Baca kisah sebelumnya…
Setelah menerangkan jawaban Qarun kepada orang-orang yang menasihatinya, Allah subhanahu wa ta’ala menjelaskan bahwa pemberian-Nya itu bukanlah tanda baiknya keadaan orang yang menerima.

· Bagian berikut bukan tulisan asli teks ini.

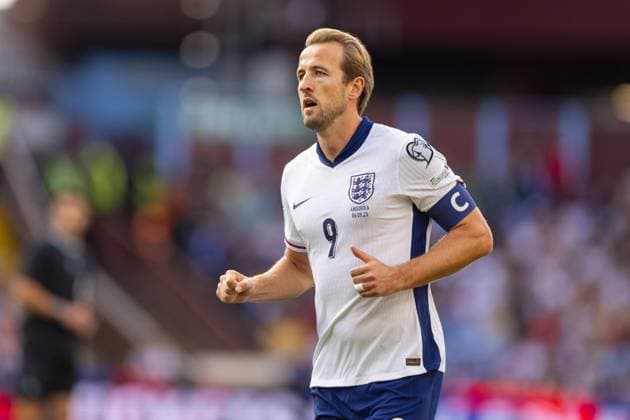 Football - FIFA World Cup, WM, Weltmeisterschaft, Fussball 2026 Qualifying - Group K - England v Andorra BIRMINGHAM, ENGLAND - Friday, September 5, 2025: England s captain Harry Kane during the FIFA World Cup 2026 Qualifying Group K match between England and Andorra at Villa Park. (Photo by David Rawcliffe Propaganda) BIRMINGHAM Villa Park WEST MIDLANDS ENGLAND  Copyright: xDavidxRawcliffex P2025-09-06-England_Andorra-53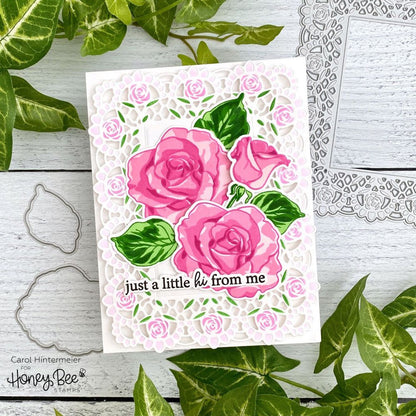 Inside: Kindness Sentiments - 6x8 Photopolymer Stamp Set - Honey Bee Stamps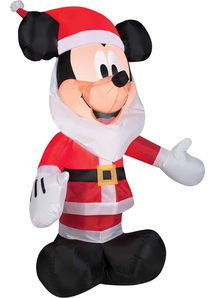 Airblown Mickey With Santa Beard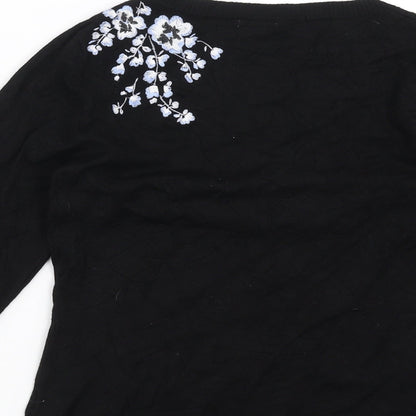 Womens UK Size XS Precis Black Pullover Jumper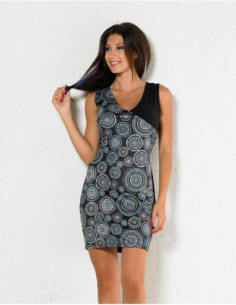 Robe sans manches motif...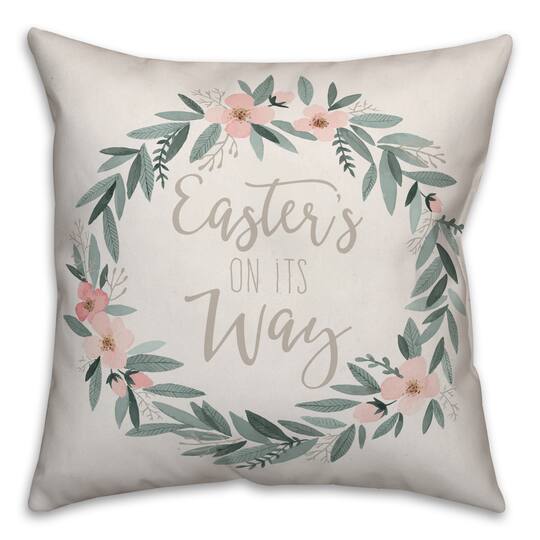 Easter's on Its Way Throw Pillow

Bahkan, Allah subhanahu wa ta’ala berfirman,
أَوَ لَمۡ يَعۡلَمۡ أَنَّ ٱللَّهَ قَدۡ أَهۡلَكَ مِن قَبۡلِهِۦ مِنَ ٱلۡقُرُونِ مَنۡ هُوَ أَشَدُّ مِنۡهُ قُوَّةً وَأَكۡثَرُ جَمۡعًاۚ
“Dan apakah ia tidak mengetahui, bahwasanya Allah sungguh telah membinasakan umat-umat sebelumnya yang lebih kuat daripadanya, dan lebih banyak mengumpulkan harta?” (al-Qashash: 78)
Jadi, tidak ada halangan untuk menghancurkan Qarun, padahal sudah menjadi sunnatullah (ketetapan Allah) bahwa Dia telah membinasakan orang-orang yang lebih kuat dan lebih banyak mengumpulkan harta daripada Qarun.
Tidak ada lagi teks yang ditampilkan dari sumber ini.